### YOUR TASK
Every line of the listing below from the one with "Fútbol de Madrid 28.04.2018" up to and including the one with "Cover Phoenix Web Development" should be retyped exactly, and nothing else; pictures are not part of the copy.

### INPUT
* * *
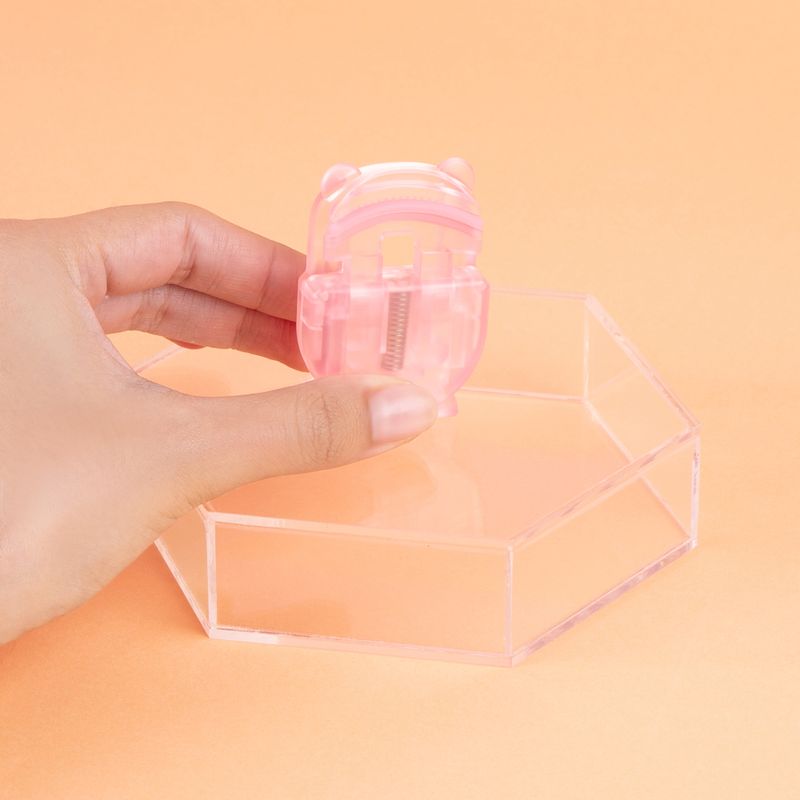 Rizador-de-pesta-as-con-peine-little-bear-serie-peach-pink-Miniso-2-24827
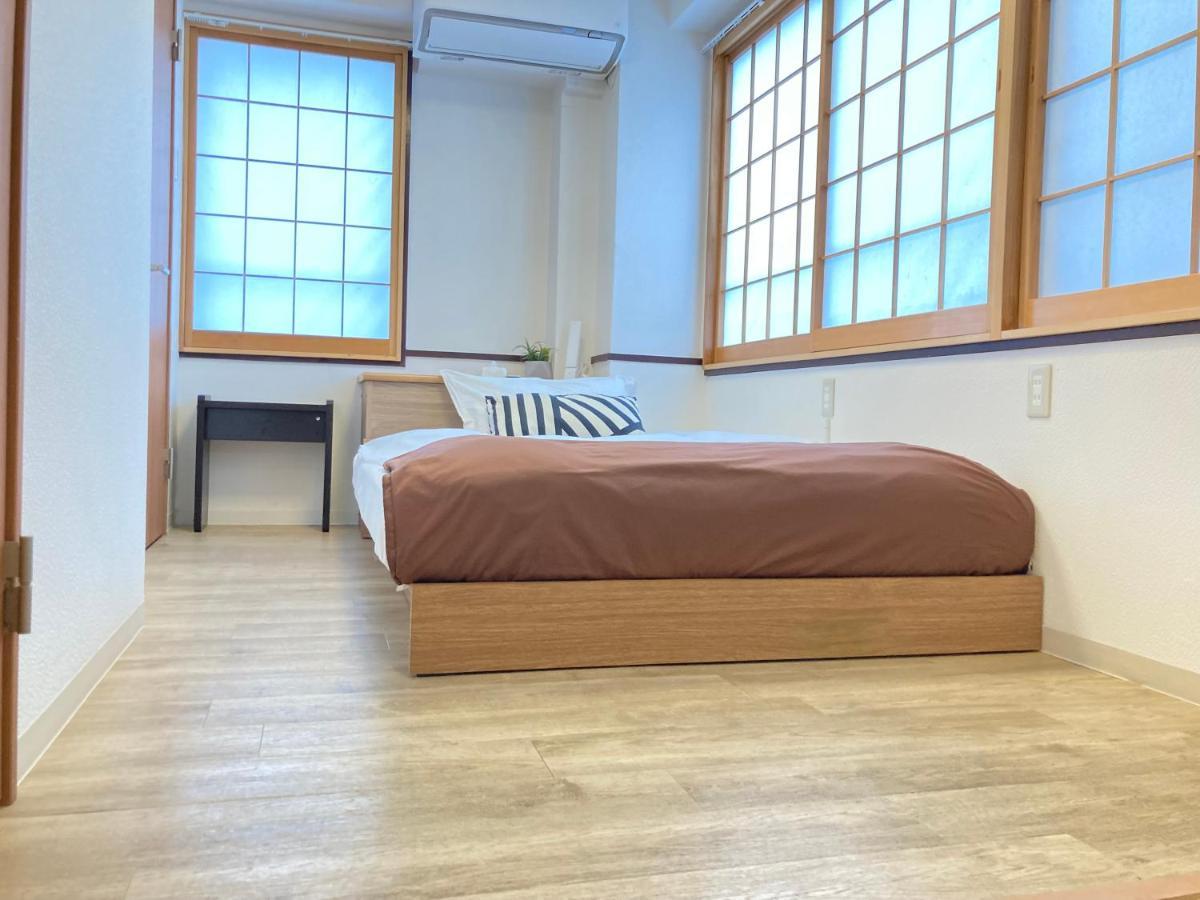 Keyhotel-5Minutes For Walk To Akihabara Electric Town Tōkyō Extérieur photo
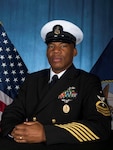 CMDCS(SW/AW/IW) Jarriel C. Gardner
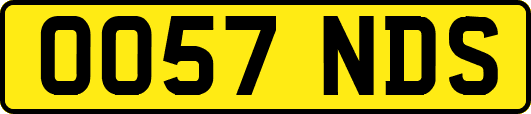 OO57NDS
* * *
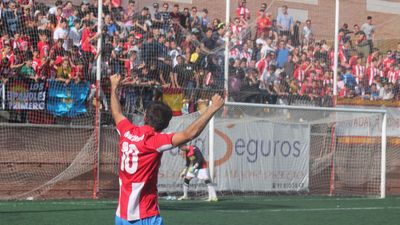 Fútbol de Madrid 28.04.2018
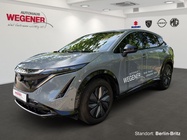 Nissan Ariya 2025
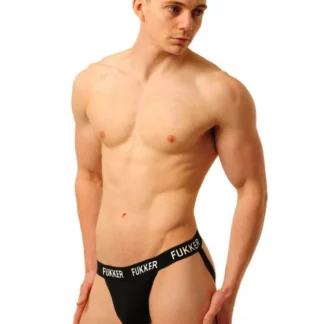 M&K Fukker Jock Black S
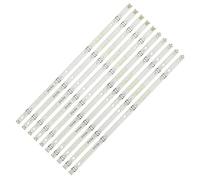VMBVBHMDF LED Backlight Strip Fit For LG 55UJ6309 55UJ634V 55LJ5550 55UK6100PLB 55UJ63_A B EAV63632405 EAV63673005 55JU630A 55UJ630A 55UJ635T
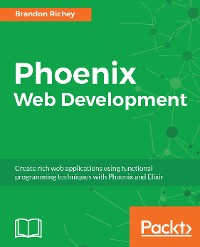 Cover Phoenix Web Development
* * *
### EXPECTED ANSWER
 Fútbol de Madrid 28.04.2018
 Nissan Ariya 2025
 M&K Fukker Jock Black S
VMBVBHMDF LED Backlight Strip Fit For LG 55UJ6309 55UJ634V 55LJ5550 55UK6100PLB 55UJ63_A B EAV63632405 EAV63673005 55JU630A 55UJ630A 55UJ635T
 Cover Phoenix Web Development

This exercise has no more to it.